WHAT YOU HAVE TO DO:
Here the job is to transcribe the data exactly while omitting the images.

COLLECTED DATA:
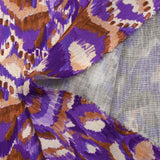 Purple mist ikat printed woven polyester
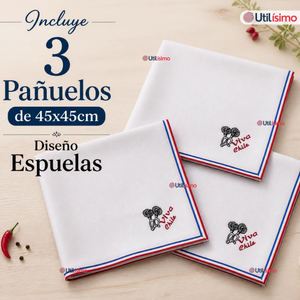 Pack 3 Pañuelos Baile Cueca 45cm Bordado Espuelas Algodón Fiestas Patrias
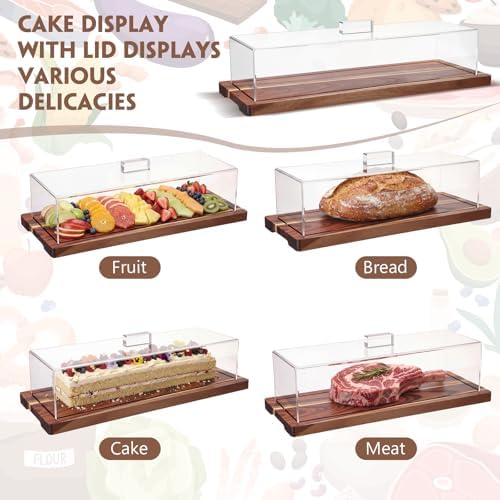 Mifoci 3 Pack Acacia Wood Cake Stand Serving Tray with Acrylic Lid, 15 x 6 x 4 Inches Charcuterie Table Display Set, Dessert Serving Tray Set for Bakery, Buffet, Home Party & Restaurant - Image 5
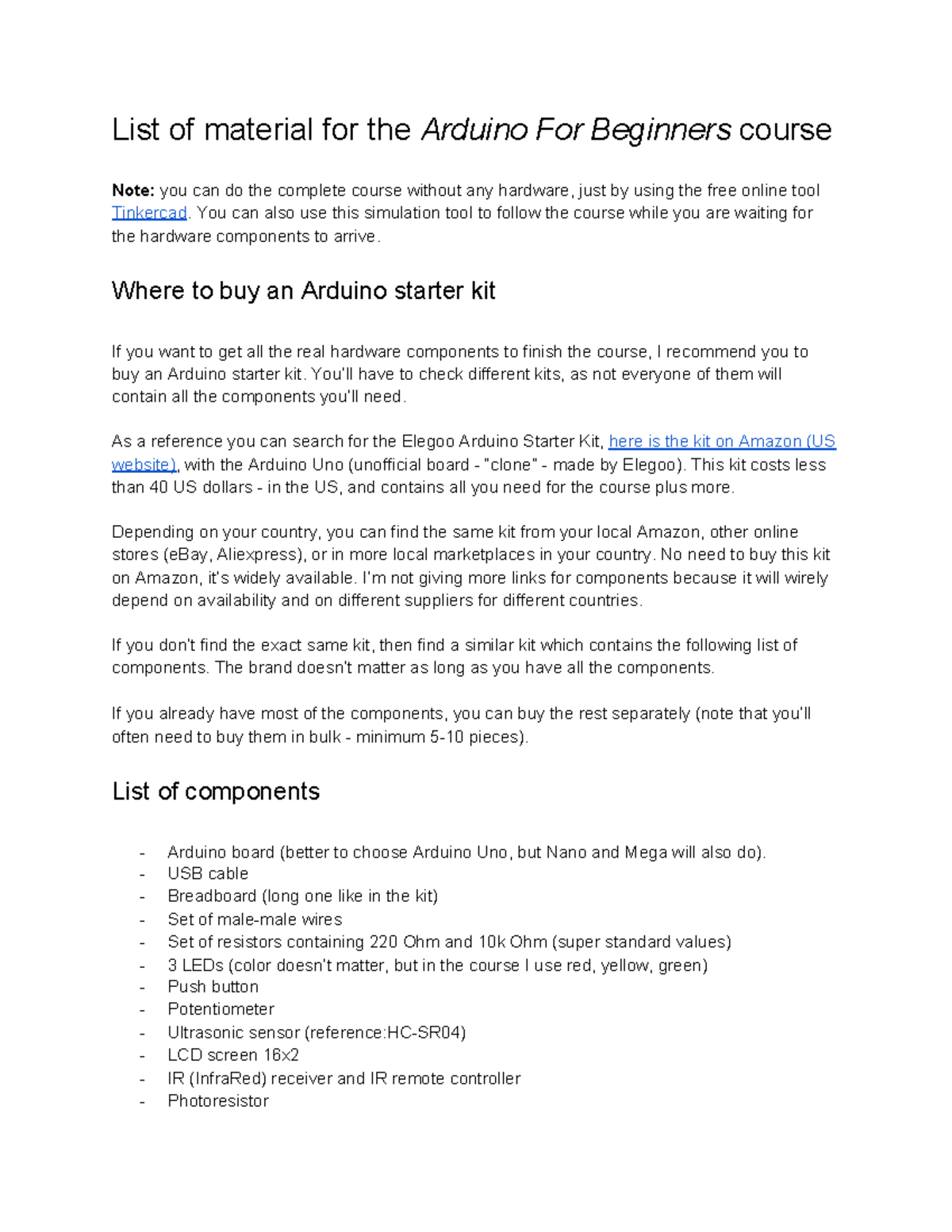 List+of+Materials+-+Arduino+For+Beginners - List of material for the ...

EXERCISE RESPONSE:
 Purple mist ikat printed woven polyester
 Pack 3 Pañuelos Baile Cueca 45cm Bordado Espuelas Algodón Fiestas Patrias
 Mifoci 3 Pack Acacia Wood Cake Stand Serving Tray with Acrylic Lid, 15 x 6 x 4 Inches Charcuterie Table Display Set, Dessert Serving Tray Set for Bakery, Buffet, Home Party & Restaurant - Image 5
 List+of+Materials+-+Arduino+For+Beginners - List of material for the ...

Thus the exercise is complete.